> _DATASET RECORDS_:
↓↓↓

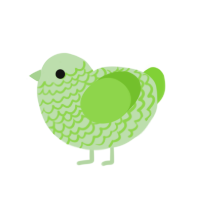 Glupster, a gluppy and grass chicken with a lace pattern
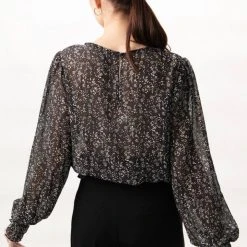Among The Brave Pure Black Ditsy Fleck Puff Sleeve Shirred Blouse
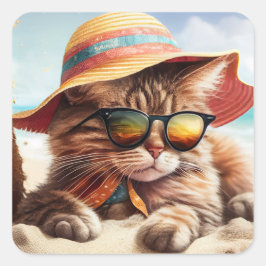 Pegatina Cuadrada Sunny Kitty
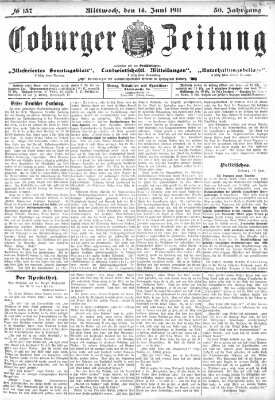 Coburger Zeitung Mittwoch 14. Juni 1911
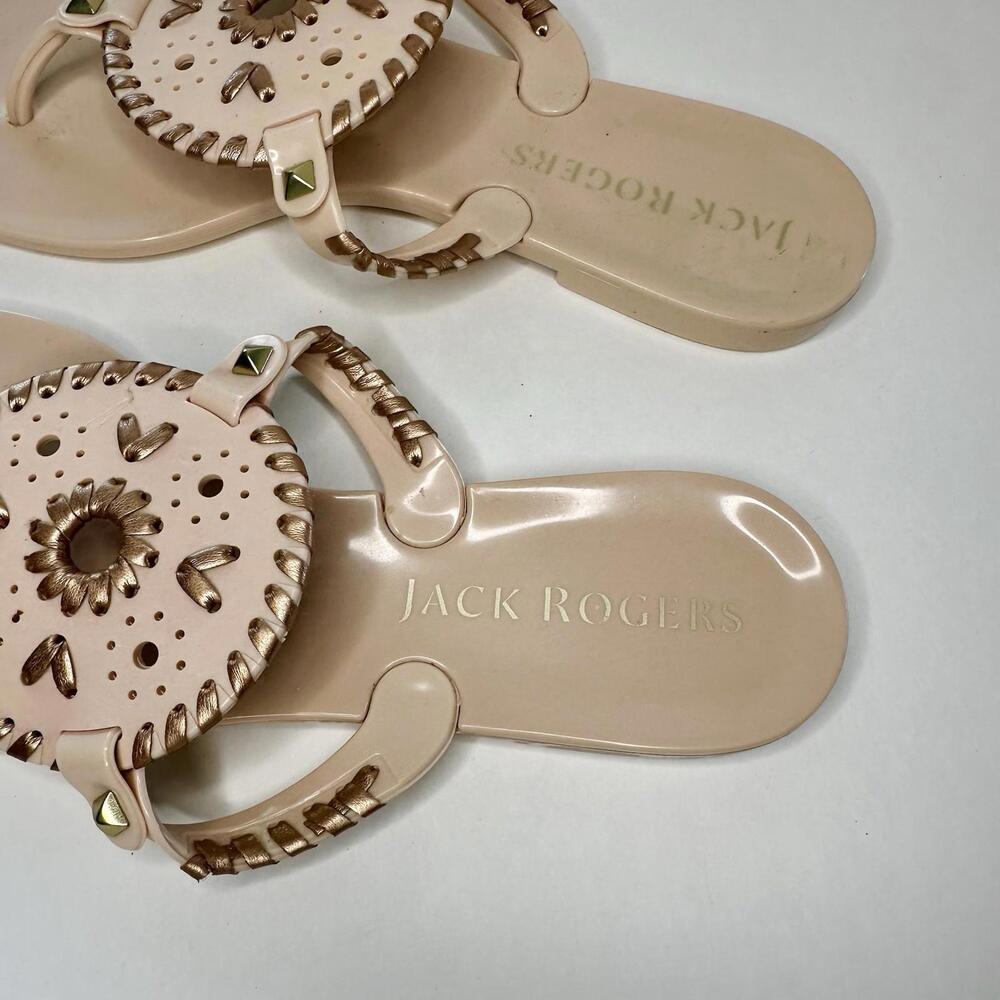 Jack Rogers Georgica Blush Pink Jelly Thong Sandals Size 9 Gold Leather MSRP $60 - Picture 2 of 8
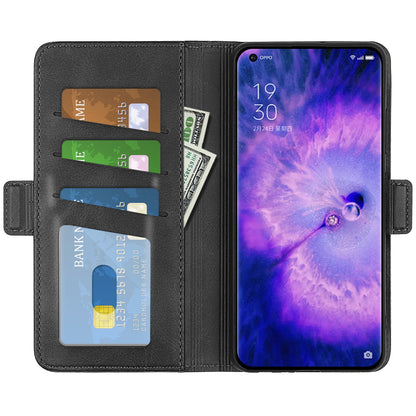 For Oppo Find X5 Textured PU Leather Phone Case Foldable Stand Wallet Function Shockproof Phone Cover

↑↑↑
↓↓↓

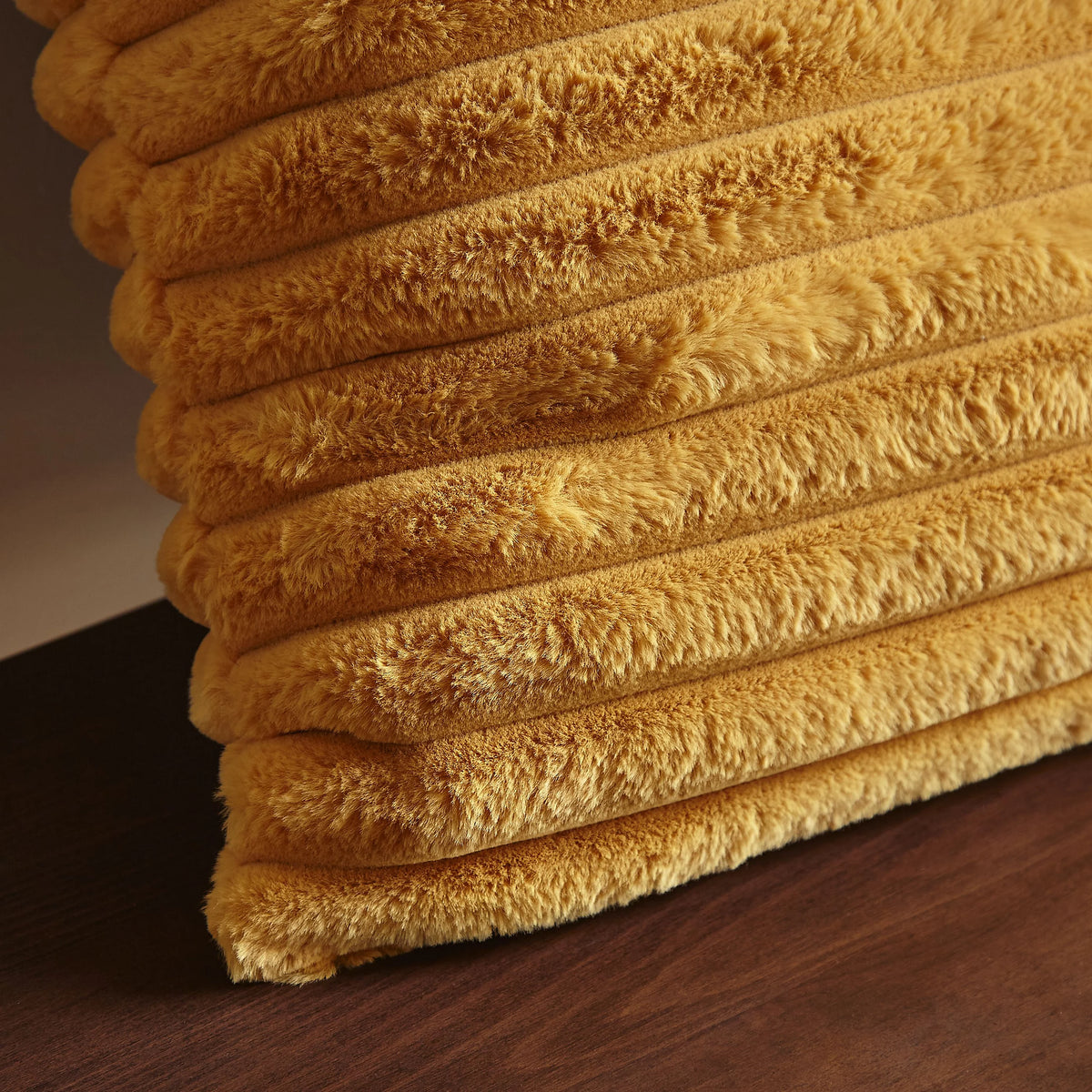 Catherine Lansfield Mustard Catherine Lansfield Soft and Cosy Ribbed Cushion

↑↑↑
↓↓↓

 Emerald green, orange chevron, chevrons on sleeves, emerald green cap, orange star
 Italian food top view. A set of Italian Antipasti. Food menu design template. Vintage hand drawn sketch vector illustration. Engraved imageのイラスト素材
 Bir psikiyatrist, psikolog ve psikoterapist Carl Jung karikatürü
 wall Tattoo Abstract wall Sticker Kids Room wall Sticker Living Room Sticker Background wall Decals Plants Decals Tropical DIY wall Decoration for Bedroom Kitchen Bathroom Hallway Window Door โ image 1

↑↑↑

Print the lines above from the one with "Italian food top" through the one with "Bir psikiyatrist, psikolog", both included, exactly as written and nothing more.

> _FINISHED TASK_:
 Italian food top view. A set of Italian Antipasti. Food menu design template. Vintage hand drawn sketch vector illustration. Engraved imageのイラスト素材
 Bir psikiyatrist, psikolog ve psikoterapist Carl Jung karikatürü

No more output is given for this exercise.